• **EXERCISE OBJECTIVE**
Retype the opening lines of the data exactly, stopping after the line that contains "Italien, Südtirol, Blick". Skip every picture.

*** INPUT RECORDS ***

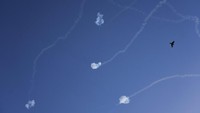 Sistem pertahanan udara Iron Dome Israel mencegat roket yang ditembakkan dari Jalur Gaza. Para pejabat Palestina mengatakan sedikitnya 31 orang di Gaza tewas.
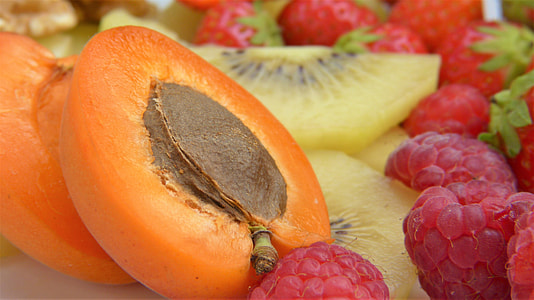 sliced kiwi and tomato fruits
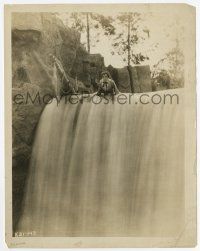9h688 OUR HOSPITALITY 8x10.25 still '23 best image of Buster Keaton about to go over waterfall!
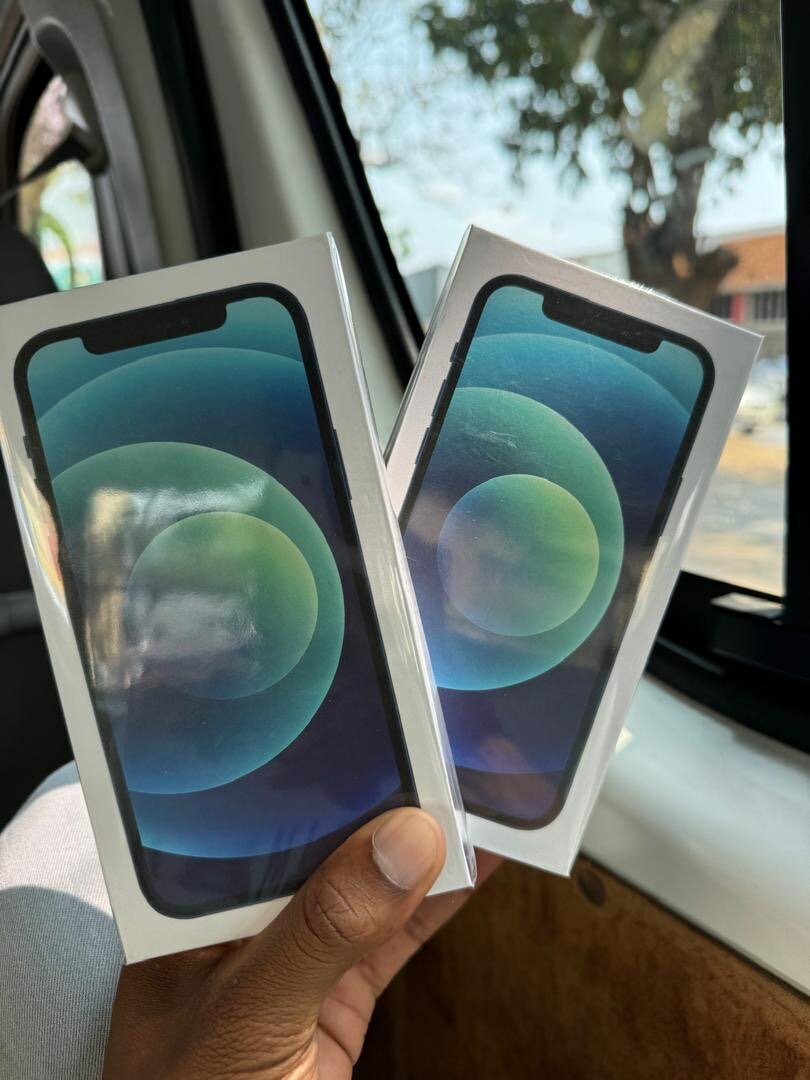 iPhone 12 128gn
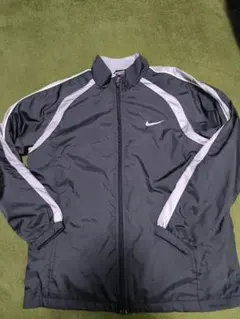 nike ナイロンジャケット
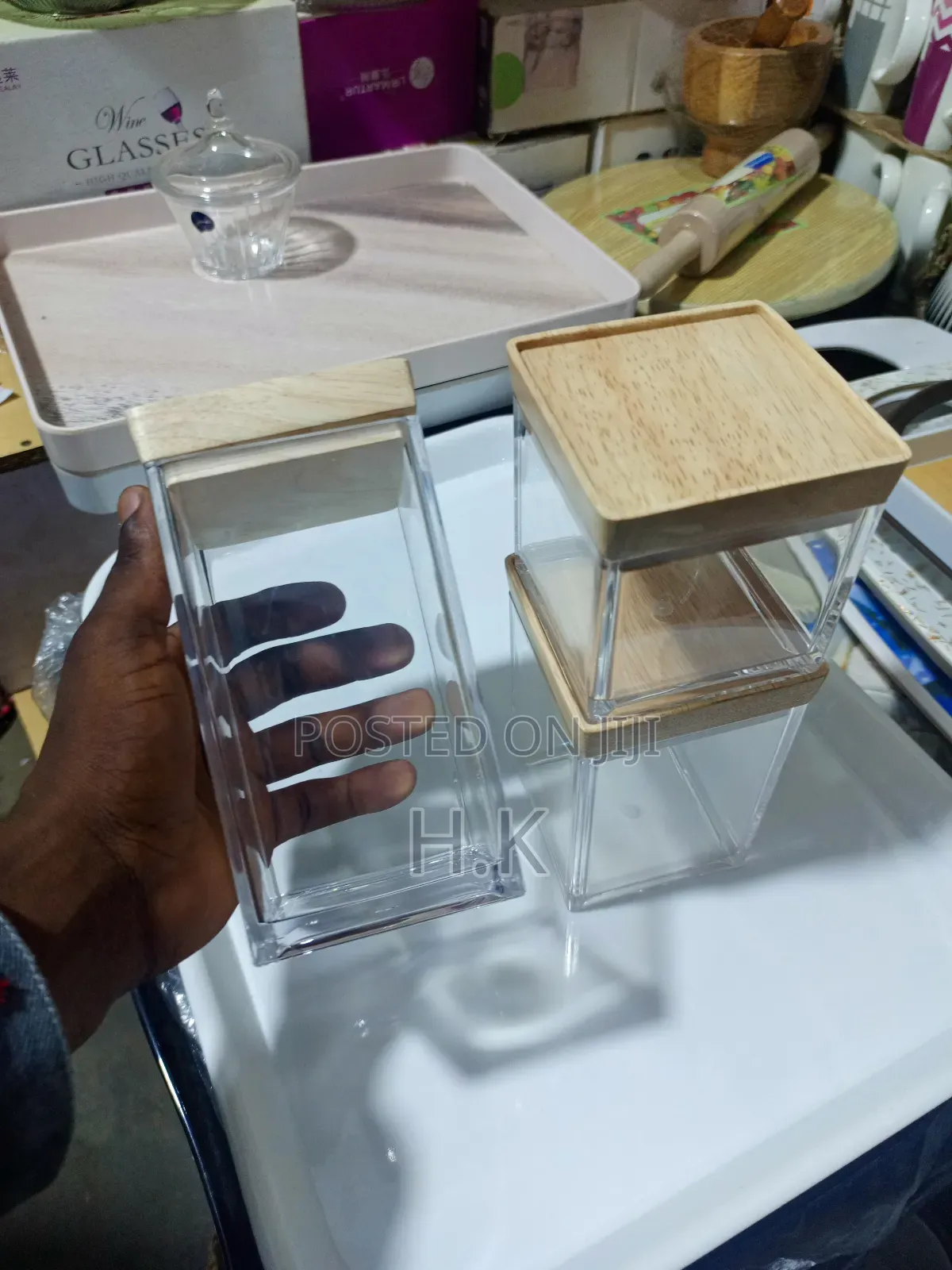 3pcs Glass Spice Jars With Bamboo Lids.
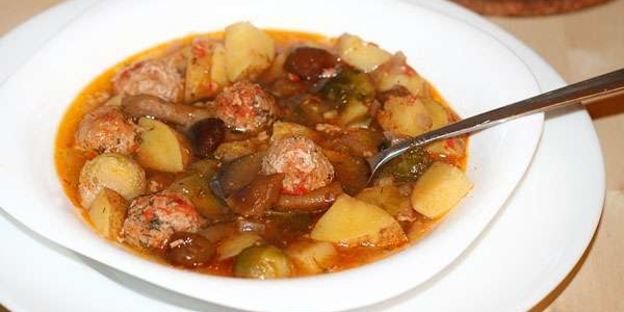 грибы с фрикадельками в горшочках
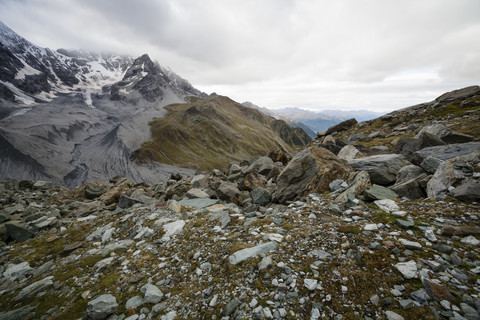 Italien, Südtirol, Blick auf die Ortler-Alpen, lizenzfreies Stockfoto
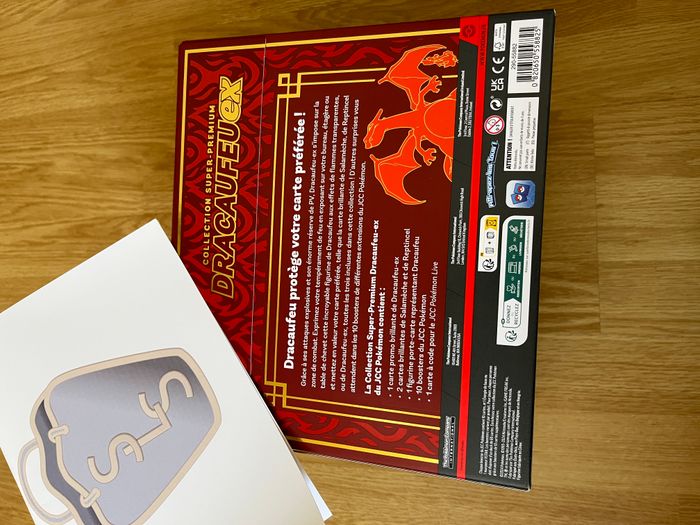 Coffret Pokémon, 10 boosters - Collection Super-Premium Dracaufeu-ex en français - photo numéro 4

*** End of INPUT RECORDS ***

• **ANSWER BOX**
 Sistem pertahanan udara Iron Dome Israel mencegat roket yang ditembakkan dari Jalur Gaza. Para pejabat Palestina mengatakan sedikitnya 31 orang di Gaza tewas.
 sliced kiwi and tomato fruits
9h688 OUR HOSPITALITY 8x10.25 still '23 best image of Buster Keaton about to go over waterfall!
 iPhone 12 128gn
 nike ナイロンジャケット
 3pcs Glass Spice Jars With Bamboo Lids.
 грибы с фрикадельками в горшочках
 Italien, Südtirol, Blick auf die Ortler-Alpen, lizenzfreies Stockfoto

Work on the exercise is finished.